Metrics in Context: A Data Specification For Scholarly Metrics

Google Scholar, Web of Science, Scopus, Dimensions, Crossref,, ... What used to be the home turf of for-profit publishers has become a buzzing field of technological innovation. Scholarly metrics, not only limited to citations and altmetrics, come from a host of data providers using an even wider range of technologies to capture and disseminate their data. Citations come as closed or open data, using traditional text processing or AI methods by private corporations, research projects or NGOs.
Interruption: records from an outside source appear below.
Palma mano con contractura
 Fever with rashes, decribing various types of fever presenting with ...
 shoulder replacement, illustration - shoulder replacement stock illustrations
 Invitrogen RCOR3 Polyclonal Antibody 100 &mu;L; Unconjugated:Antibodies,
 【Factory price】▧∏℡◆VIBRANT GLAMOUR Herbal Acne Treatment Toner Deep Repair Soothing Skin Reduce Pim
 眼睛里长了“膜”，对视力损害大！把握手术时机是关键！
What is missing is a language and standard to talk about the provenance of scholarly metrics.

In this lightning talk, I will present an argument why we need to pay more attention to the processes of tracing and patterning that go into the creation of the precious data that determine our academic profiles, influence hiring and promotion decitions, and even national funding strategies. Furthmermore, I present the an early prototype of Metrics in Context, a data specification for scholarly metrics implemented in Frictionless Data. Additionally, the benefits and application of Metrics in Context is presented using both traditional citation data and a selection of common altmetrics such as the number of Tweets or FB shares.

In this lightning talk, I want to present Metrics in Context, a data specification implemented using Frictionless Data. It addresses a common theme within the critique of modern technology in our data-driven world: the lack of context for data and, often related, biases in databases. Algorithmic and database biases have moved into the spotlight of critical thought on how technology exacerbates systemic inequalities. Following these insights, I want to address the need for different (rather than simply more) context and metadata for scholarly metrics in the face of racial, gender, and geographic biases which plague modern academia.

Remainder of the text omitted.